Orman Mühendisleri Odası’ndan ’uygun orman alanlarının yerleşime açılması’ çağrısı

Orman Mühendisleri Odası Genel Başkanı Hasan Türkyılmaz, “Orman alanlarımız ve orman varlığımızın artırılması kaydıyla mülkiyeti orman olan ancak üzerinde orman örtüsü barındırmayan alanların, zemin etütleri itibari ile yerleşime uygun olması halinde, orman varlığımızı artıracak nitelikte orman kurulumuna uygun arazilerle takas edilmek suretiyle yerleşime açılması sağlanmalıdır” dedi.

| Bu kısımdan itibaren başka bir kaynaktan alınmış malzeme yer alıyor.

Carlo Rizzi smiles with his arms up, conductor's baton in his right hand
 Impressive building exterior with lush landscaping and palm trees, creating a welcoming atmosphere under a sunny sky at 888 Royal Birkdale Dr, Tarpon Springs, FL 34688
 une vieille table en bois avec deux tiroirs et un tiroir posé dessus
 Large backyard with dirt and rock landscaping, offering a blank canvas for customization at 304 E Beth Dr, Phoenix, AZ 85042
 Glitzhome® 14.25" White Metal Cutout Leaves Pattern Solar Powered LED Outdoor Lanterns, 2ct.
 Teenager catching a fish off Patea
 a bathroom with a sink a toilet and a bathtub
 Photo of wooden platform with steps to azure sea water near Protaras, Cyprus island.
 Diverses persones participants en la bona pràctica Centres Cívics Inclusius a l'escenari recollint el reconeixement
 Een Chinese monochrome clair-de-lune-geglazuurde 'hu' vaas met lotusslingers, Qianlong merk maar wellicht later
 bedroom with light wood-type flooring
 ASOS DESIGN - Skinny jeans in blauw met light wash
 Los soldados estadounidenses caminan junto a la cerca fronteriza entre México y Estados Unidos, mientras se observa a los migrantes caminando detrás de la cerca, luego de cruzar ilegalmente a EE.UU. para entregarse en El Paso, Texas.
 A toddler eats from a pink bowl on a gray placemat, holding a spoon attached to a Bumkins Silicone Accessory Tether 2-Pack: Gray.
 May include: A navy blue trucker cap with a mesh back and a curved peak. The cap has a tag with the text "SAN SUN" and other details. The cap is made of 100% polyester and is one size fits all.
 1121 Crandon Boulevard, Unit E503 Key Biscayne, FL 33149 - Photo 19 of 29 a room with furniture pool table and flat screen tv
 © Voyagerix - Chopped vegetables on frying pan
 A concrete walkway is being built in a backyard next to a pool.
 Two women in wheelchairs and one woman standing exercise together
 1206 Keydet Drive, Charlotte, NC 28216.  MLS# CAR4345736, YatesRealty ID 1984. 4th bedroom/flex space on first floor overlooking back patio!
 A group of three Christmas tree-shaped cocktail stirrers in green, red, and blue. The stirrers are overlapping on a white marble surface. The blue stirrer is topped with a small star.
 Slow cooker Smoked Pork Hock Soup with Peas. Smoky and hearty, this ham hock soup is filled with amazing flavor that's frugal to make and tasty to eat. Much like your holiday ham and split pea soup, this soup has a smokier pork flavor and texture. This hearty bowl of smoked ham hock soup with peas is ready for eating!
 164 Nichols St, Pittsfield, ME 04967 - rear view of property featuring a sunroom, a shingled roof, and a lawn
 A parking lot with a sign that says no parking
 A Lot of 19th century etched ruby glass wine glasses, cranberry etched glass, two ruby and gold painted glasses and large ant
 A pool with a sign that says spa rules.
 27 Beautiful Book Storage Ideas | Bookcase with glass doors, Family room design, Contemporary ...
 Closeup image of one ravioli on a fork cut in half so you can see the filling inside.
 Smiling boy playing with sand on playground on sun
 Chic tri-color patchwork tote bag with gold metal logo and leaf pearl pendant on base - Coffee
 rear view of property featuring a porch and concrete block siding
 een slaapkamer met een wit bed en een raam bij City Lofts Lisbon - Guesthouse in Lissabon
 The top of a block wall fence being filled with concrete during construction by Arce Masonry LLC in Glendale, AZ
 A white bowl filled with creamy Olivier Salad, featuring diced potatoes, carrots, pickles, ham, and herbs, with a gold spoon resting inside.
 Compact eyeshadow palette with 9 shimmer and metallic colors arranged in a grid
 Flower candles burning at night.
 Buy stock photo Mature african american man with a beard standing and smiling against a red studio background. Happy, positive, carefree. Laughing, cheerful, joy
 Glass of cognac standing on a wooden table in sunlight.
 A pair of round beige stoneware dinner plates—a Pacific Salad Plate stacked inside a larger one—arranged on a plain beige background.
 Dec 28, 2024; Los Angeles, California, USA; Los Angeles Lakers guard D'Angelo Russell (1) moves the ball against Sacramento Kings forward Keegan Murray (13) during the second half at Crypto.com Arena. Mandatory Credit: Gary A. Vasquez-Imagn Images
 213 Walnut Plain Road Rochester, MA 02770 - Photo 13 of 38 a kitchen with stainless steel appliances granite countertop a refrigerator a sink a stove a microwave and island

Orman Mühendisleri Odası Genel Başkanı Hasan Türkyılmaz, yaptığı açıklamada Kahramanmaraş merkezli depremlerde hayatını kaybedenlere Allah’tan rahmet dileyerek, bu süreçte orman çalışanlarının önemine dikkati çekti. Fay hatları üzerine, derin ve verimli toprak içeren tarım alanlarına, dere yataklarına konut yapma ve şehirler kurma alışkanlığından vazgeçilmesi gerektiğini belirten Türkyılmaz, “Orman alanlarımız ve orman varlığımızın artırılması kaydı ile; yaşanan deprem, sel, taşkın, heyelan, yangın gibi afetlerde dezavantajlı yerleşim alanlarının hızla tespiti, etkin bir arazi sınıflandırması yapılması ardından, mülkiyeti orman olan ancak üzerinde orman örtüsü barındırmayan alanların, zemin etütleri itibari ile yerleşime uygun olması halinde, orman varlığımızı artıracak nitelikte orman kurulumuna uygun arazilerle takas edilmek suretiyle yerleşime açılması sağlanmalıdır. Bu işlemler Anayasa’nın 169’uncu maddesine uygun olmalıdır” ifadelerini kullandı.

Türkyılmaz, orman endüstri mühendisleri ve ağaç işleri endüstri mühendislerinin istihdama katılım sağlaması gerektiğini ifade ederek, “Bu süreçte tarım alanları, mera alanları, orman alanları ve yerleşim alanları belirlenmelidir. Depremlerde yıkıcı etkiyi artıran alüvyal topraklardan oluşan ovalar tamamen boşaltılarak tarım alanlarına ve endüstriyel plantasyon nitelikli orman alanlarına dönüştürülmelidir. Arazi kullanımından kentsel dönüşüme, imar uygulamalarından etüt ve inşaat tekniklerine kadar çok sayıda iyi uygulama örneklerinin zaman kaybedilmeden ülkemizin ilgili mühendislik disiplinlerine kazandırılması gerekmektedir. Yapısal ahşap malzeme kullanımı ve ahşap konut üretiminin özendirilmesi için gerekli mevzuat düzenlemeleri süratle tamamlanmalıdır” dedi.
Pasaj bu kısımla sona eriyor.